Implement PR feedback for Stuttgarter Zeitung parser

myoncee · myoncee · commit b6e2770f7aac · 2025-10-25T15:50:05.000+02:00
diff --git a/src/fundus/publishers/de/stuttgarter_zeitung.py b/src/fundus/publishers/de/stuttgarter_zeitung.py
@@ -1,16 +1,16 @@
 import datetime
 from typing import List, Optional
 
-from fundus.parser import ArticleBody, BaseParser, ParserProxy, attribute
-from fundus.parser.data import ArticleSection, TextSequence
+from fundus.parser import ArticleBody, BaseParser, Image, ParserProxy, attribute
 from fundus.parser.utility import (
     extract_article_body_with_selector,
     generic_author_parsing,
     generic_date_parsing,
     generic_topic_parsing,
-    normalize_whitespace,
+    image_extraction,
 )
 from lxml.cssselect import CSSSelector
+from lxml.etree import XPath
 
 
 class StuttgarterZeitungParser(ParserProxy):
@@ -20,17 +20,11 @@ class V1(BaseParser):
 
         @attribute
         def body(self) -> ArticleBody:
-            summary_text = self.precomputed.ld.bf_search("description")
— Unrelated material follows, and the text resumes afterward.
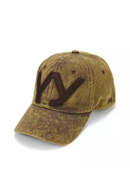 Embroidery Baseball Cap Flat Brim Wide Brim Cotton Casual Hat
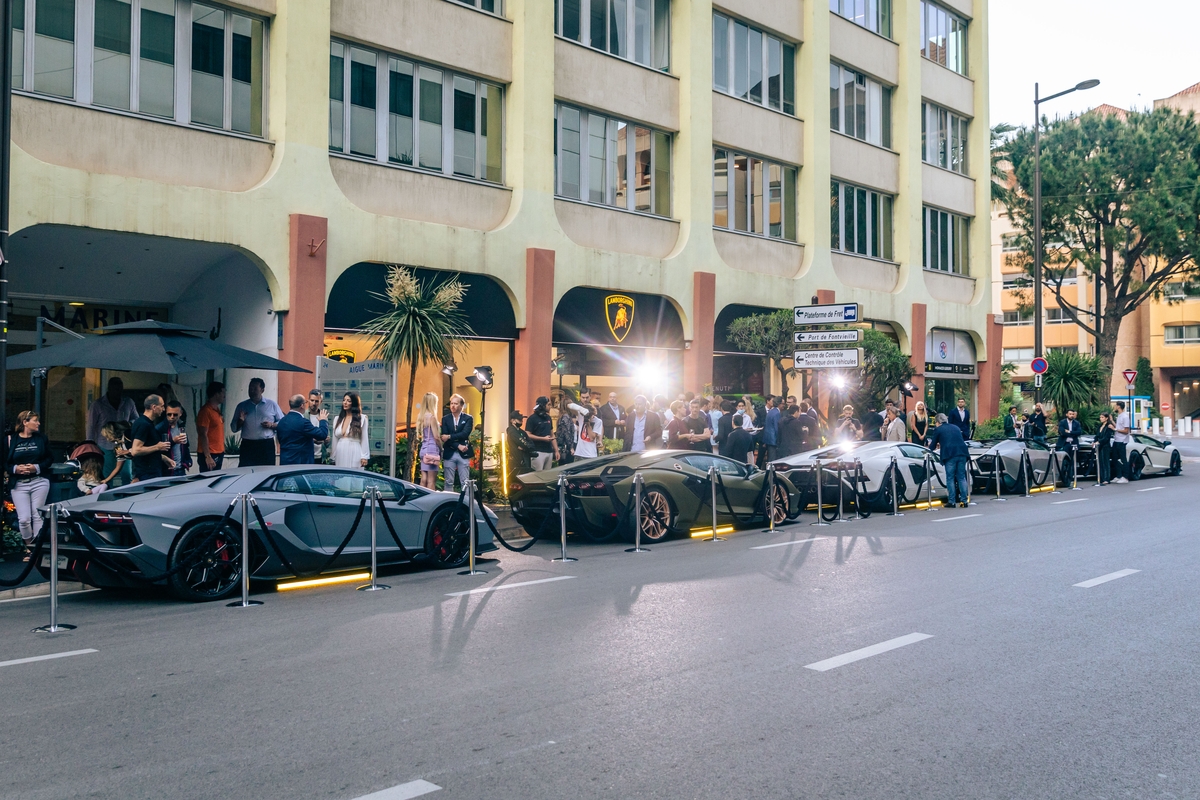 Lamborghini Monaco concessionaria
-            summary = TextSequence([summary_text]) if summary_text else TextSequence([])
-                    
-            paragraph_elements = self._paragraph_selector(self.precomputed.doc)
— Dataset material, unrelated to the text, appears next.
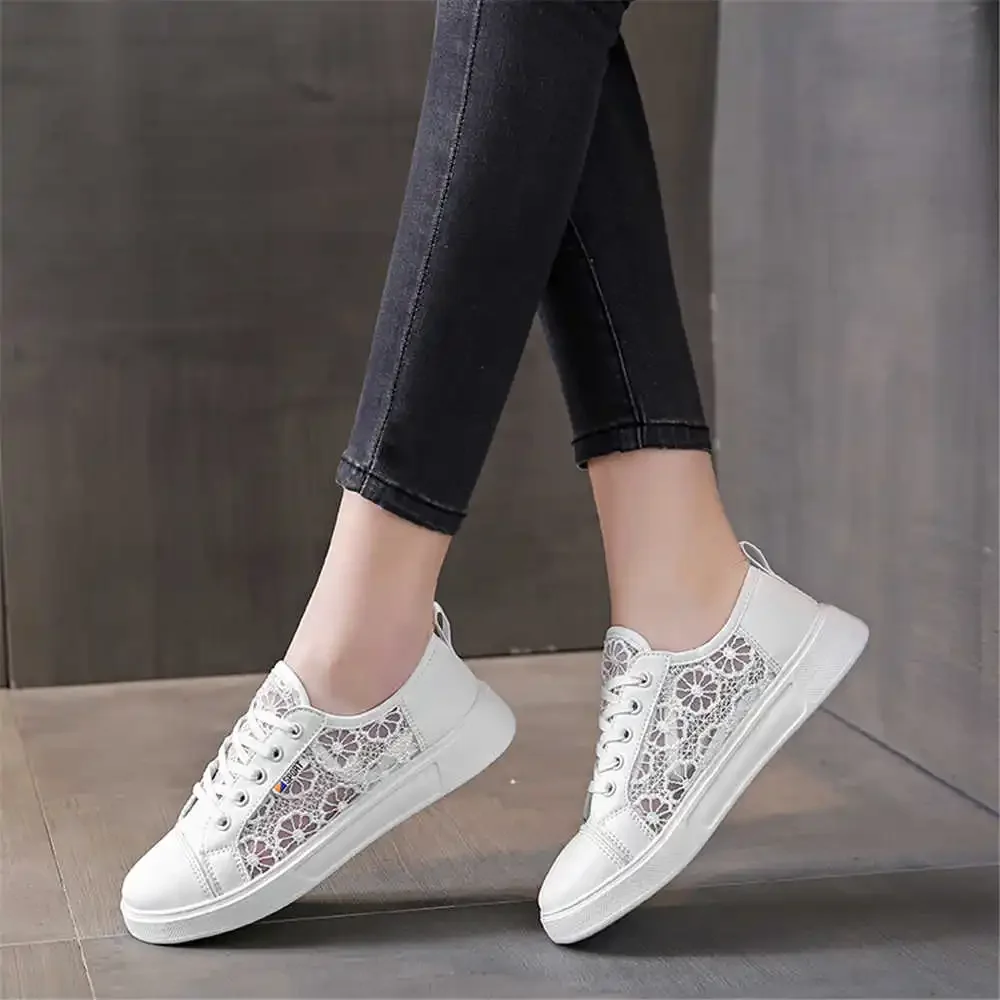 Number 40 Spring-autumn Loffers Shoes Women Tennis Women's Black Sneakers High Quality Brands Sports To Play Loofers Raning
-            paragraph_texts = [normalize_whitespace(elem.text_content()) for elem in paragraph_elements]
-
-            subheadline_elements = self._subheadline_selector(self.precomputed.doc)
-
-            sections = [ArticleSection(headline=TextSequence([]), paragraphs=TextSequence(paragraph_texts))]
-
-            return ArticleBody(summary=summary, sections=sections)
+            return extract_article_body_with_selector(
+                self.precomputed.doc,
+                paragraph_selector=self._paragraph_selector,
+                subheadline_selector=self._subheadline_selector,
+            )
 
         @attribute
         def publishing_date(self) -> Optional[datetime.datetime]:
@@ -47,3 +41,13 @@ def title(self) -> Optional[str]:
         @attribute
         def topics(self) -> List[str]:
             return generic_topic_parsing(self.precomputed.ld.bf_search("keywords"))
+
+        @attribute
+        def images(self) -> List[Image]:
+            return image_extraction(
+                doc=self.precomputed.doc,
+                paragraph_selector=self._paragraph_selector,
+                image_selector=XPath("//figure//img"),
+                caption_selector=XPath("./ancestor::figure//figcaption"),
+                relative_urls=True,
+            )